Junior health minister Tessa Jowell has publicly welcomed Alcohol Concern’s initiative to carry out the fact-finding exercise, which aims to put together a clear framework on alcohol policy across the many government departments with an interest in these issues. She said last April: “I hope the industry will also want to take an active part.”
But the industry has ignored her calls and boycotted the project.
The consultation consists of a detailed questionnaire covering issues such as health, licensing and advertising and sponsorship and follows a Green Paper on public health entitled “Our Healthier Nation”.

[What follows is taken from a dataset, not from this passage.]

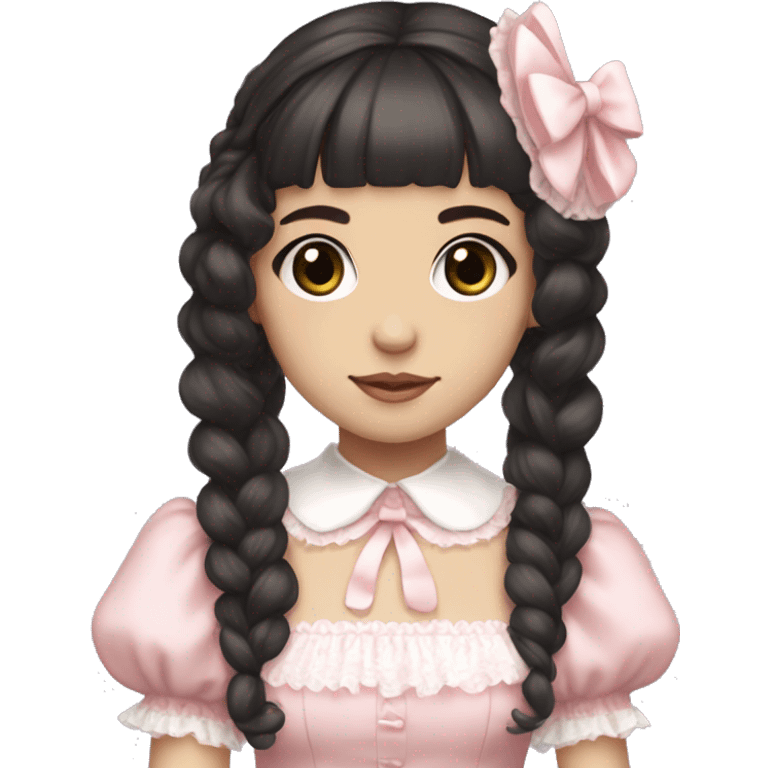 sweet lolita dark hair dark eyes white skin light pink dress emoji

The Brewers’ & Licensed Re-tailers’ Association, which represents 85 companies including pub operators and brewers such as Bass and Whitbread, has refused to co-operate because it says Alcohol Concern’s involvement is “inappropriate”.
A spokesman adds: “We’re happy to talk to the Department of Health, but we don’t think it appropriate that Alcohol Concern is the body that writes the policy.”
The industry’s refusal to take part comes after certain brewers and distillers have faced strong censure for marketing alcopops, which critics claim targeted children with their packaging and branding.
The industry believes Alcohol Concern, which was a fierce critic of the way alcopops were marketed, is pushing an anti-alcohol agenda. Alcohol Concern is a registered charity, which claims to reduce the incidence, cost and harm of alcohol misuse.
The Portman Group, the industry-funded body which aims to promote sensible drinking, also refused to respond to the questionnaire, except to send a copy of its earlier response to the Green Paper.
Jean Coussins, director of The Portman Group, says: “I didn’t have anything to add.”
Specific action on alcohol lags far behind the Government’s high-profile commitment to tackling drug abuse. In April, Jowell told the International Conference on Alcohol that the Government is preparing a new strategy on alcohol, pulling together different issues and interests.
She said: “As an immediate response to the Green Paper, Alcohol Concern has secured private sector support to enable it to carry out a widespread consultation exercise.”
A DoH spokeswoman is trying to distance the department from the initiative. She says: “I know we had an interest in it, but it is not something that we commissioned.”
Eric Appleby, director of Alcohol Concern, says: “We are disappointed that the industry doesn’t feel able or willing to take part.”